I just spent some time helping a very irate customer. You know, the "ColdFusion sucks" "we're going to dump CF" "how can you sell this ****" brand of irate. The cause of all of this anger and frustration was very serious ColdFusion performance issues. And I am sure the individual has been under a lot of pressure and so the ramblings are somewhat understandable.
But, at the end of the day, as is so often the case, the bottleneck was in database access and query processing. No, there was nothing wrong with the DBMS. And no, there was nothing wrong with the SQL used. And no, the connection and data source settings were not the problem.
So what was the problem? Simply, ColdFusion was being made to do the DBMS' job! I found dozens of queries that were returning data that was being used solely to feed other queries. I saw queries being returned and then filtered client-side, within ColdFusion. I even saw queries (some that were quite long running) that were never being used once executed (leftover code from previous edits, I assume). And more.

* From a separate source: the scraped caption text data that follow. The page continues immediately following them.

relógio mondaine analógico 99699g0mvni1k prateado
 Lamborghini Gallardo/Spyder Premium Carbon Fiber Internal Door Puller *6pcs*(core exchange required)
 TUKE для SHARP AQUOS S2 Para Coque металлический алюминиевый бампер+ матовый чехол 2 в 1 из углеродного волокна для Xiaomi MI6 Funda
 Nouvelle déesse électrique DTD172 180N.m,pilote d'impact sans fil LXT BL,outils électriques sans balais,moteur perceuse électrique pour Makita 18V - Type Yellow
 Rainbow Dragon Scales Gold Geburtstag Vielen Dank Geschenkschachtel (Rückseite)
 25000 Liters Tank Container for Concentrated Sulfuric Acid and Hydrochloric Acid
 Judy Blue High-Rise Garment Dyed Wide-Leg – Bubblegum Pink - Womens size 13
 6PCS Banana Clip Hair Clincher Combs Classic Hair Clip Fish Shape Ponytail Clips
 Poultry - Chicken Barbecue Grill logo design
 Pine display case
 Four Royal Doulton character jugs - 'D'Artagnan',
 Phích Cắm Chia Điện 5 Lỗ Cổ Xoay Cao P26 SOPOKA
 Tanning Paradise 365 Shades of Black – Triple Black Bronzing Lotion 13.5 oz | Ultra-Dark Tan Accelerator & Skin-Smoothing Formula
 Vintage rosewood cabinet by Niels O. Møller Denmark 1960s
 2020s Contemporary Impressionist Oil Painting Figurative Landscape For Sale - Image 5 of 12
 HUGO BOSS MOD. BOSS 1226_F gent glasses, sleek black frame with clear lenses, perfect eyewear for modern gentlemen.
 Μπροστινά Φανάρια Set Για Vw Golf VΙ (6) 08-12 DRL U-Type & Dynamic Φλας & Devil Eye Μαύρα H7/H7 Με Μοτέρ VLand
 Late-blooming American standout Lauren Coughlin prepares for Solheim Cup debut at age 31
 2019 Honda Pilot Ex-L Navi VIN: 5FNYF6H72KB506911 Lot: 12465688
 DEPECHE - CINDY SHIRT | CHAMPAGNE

I've been saying this for years, but, let's go through this again. ColdFusion is NOT a DBMS. Whatever database back-end you are using, chances are that it is a big powerful application that is designed to do one thing and do it well, manage and manipulate data. It makes absolutely no sense to give your DBMS less work to do while making ColdFusion work hard doing what the DBMS is supposed to do, what it is designed to do, what it is optimized to do.
So, a few rules:
- Don't ever retrieve data you don't need.
- Don't ever retrieve too much data, only to filter the results within ColdFusion (via querying a query, or excluding data while looping).
- Don't ever retrieve data if that data is only going to be used to drive additional queries. If you have a query, and then are using the results (perhaps in a <cfloop>, or via a ValueList()) in subsequent queries, then you need to find a way to consolidate those queries and do the work on the DBMS. And yes, that may mean writing JOINs or using stored procedures.
- Don't ever perform calculations and aggregations within ColdFusion, unless the data being used is already retrieved for some other purpose. Yes, the SQL aggregate functions (and having to use GROUP BY and figuring out how to make that work while using WHERE or JOINs) can be a little tricky. But do it anyway.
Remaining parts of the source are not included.